DDP (multigpu) on multivariate time series dataset

lorsonb · November 22, 2024, 1:44am

Hi everyone. I am doing some time series training on multiple GPUs using DDP, where my accuracy (mse) decreases with increasing number of GPUs. My guess is this has something to do with the way data is being split across the GPUs. Given the importance of order in time series datasets, i.e., time moving sequential from row 0 to row “len of dataset”, I am considering splitting the dataset via columns/features. Is this possible with Pytorch’s distributed sampler or DDP? Also, am I right with my assumption that the distributed sampler splits the data by rows? Thanks.

fegin · November 22, 2024, 7:16pm

DDP doesn’t control what data feed into the model and is only responsible for reducing the gradients. So I would say this issue is orthogonal to DDP.

lorsonb · November 22, 2024, 7:28pm

Thanks fegin.
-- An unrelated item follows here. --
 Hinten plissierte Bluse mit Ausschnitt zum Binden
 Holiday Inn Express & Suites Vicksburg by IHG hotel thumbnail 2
I just read in the torch.nn.parallel.distributed.py file that the module does not control how data is split across the GPUs. The user, i.e., me, will have to handle that. My guess is that it is possible. I’ll look further into it. If you have any ideas, you can share if you don’t mind.

So what I basically want to do is to let each GPU handle a set of features (all rows/timesteps for those features), instead of what is currently being done, where each GPU handles batches of all features up to a given timestep.